Material for this exercise -
=== Begin Enclosure ===
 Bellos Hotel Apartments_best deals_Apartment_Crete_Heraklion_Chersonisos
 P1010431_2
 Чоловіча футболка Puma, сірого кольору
=== End Enclosure ===
=== Begin Enclosure ===
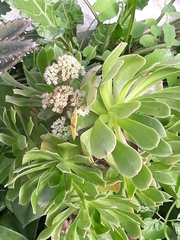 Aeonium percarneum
=== End Enclosure ===
Would you print exactly and only the lines of the material above that run from the line with "Bellos Hotel Apartments_best" through the line with "Чоловіча футболка Puma, сірого кольору", both included?

Answer below -
 Bellos Hotel Apartments_best deals_Apartment_Crete_Heraklion_Chersonisos
 P1010431_2
 Чоловіча футболка Puma, сірого кольору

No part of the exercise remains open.